Segment Start: Dataset records
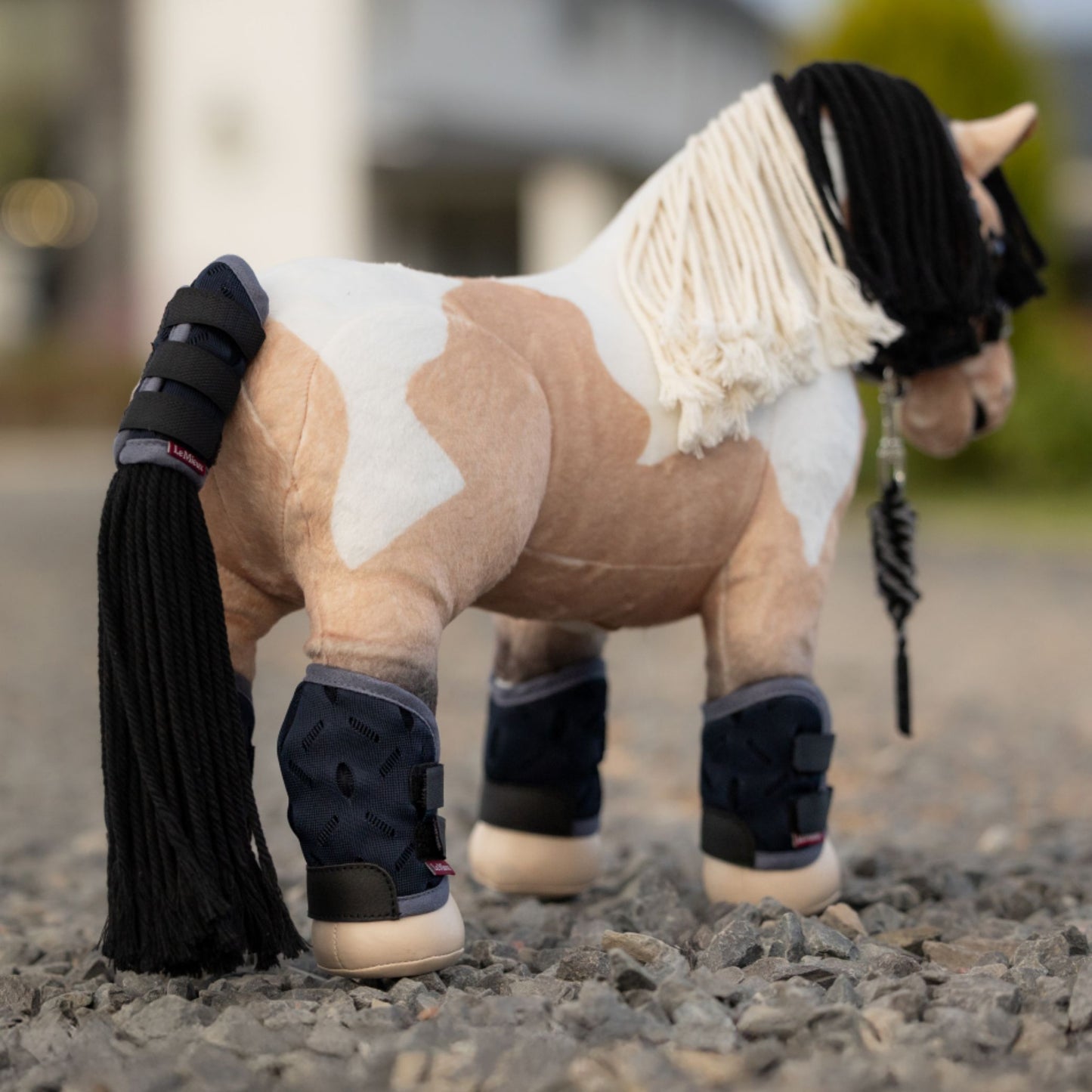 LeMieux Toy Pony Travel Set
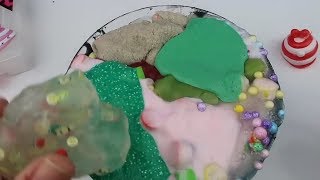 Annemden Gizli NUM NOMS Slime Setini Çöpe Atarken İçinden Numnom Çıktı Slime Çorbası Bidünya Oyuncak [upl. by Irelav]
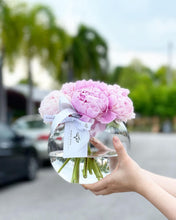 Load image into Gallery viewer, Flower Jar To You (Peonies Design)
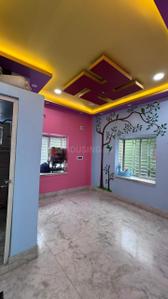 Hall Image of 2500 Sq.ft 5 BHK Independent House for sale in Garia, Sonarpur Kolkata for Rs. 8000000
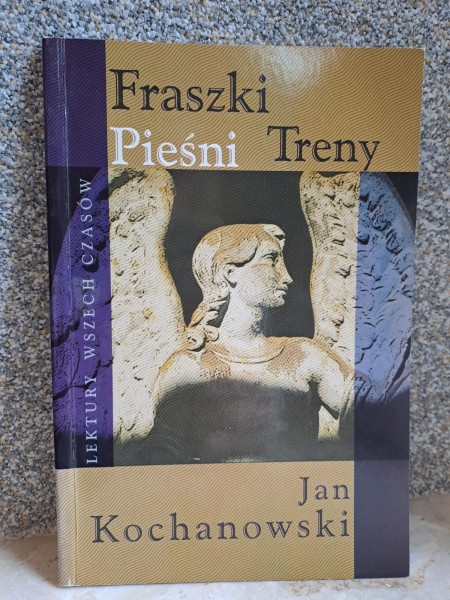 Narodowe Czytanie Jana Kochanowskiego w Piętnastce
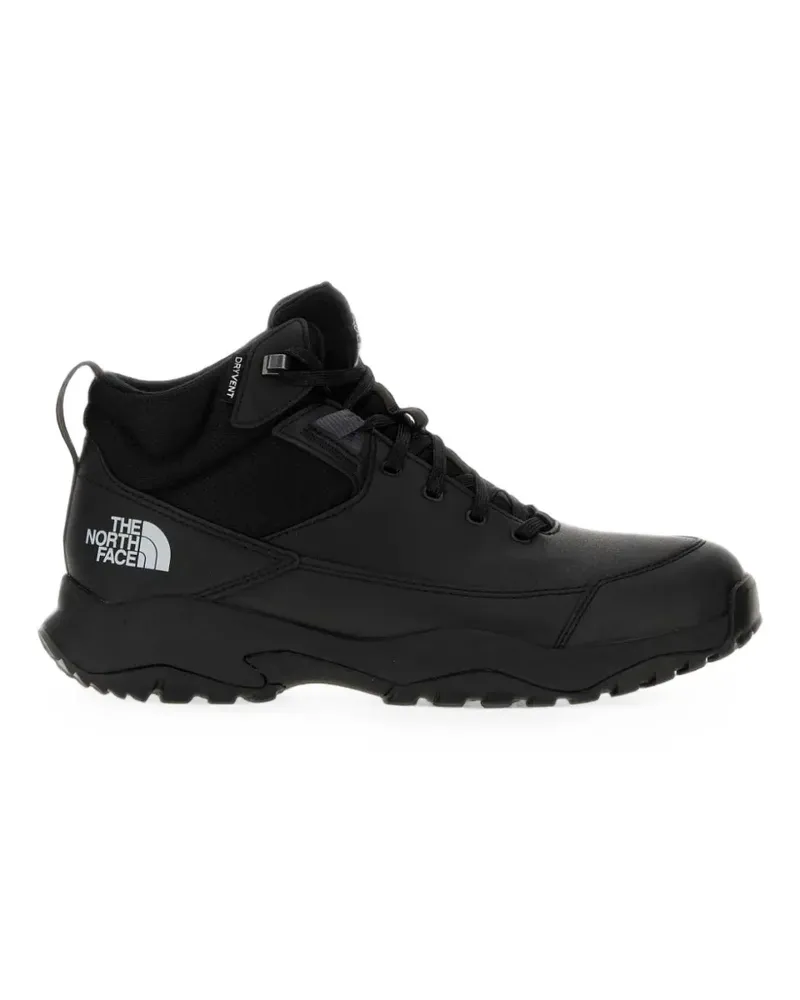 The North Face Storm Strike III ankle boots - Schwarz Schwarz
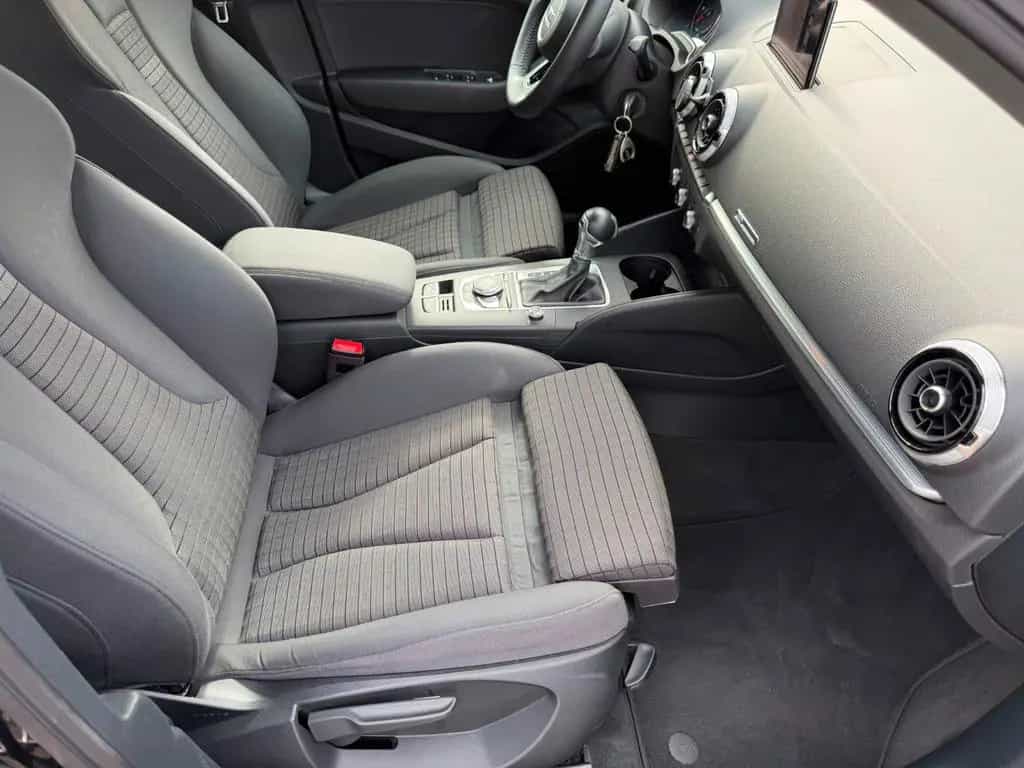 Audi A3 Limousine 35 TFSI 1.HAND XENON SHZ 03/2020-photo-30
Segment End: Dataset records
■ **About this task**
Each line from the one with "The North Face" through the final line of the records must be copied exactly, with no pictures and no additional lines.

■ **Exercise answer**
 The North Face Storm Strike III ankle boots - Schwarz Schwarz
 Audi A3 Limousine 35 TFSI 1.HAND XENON SHZ 03/2020-photo-30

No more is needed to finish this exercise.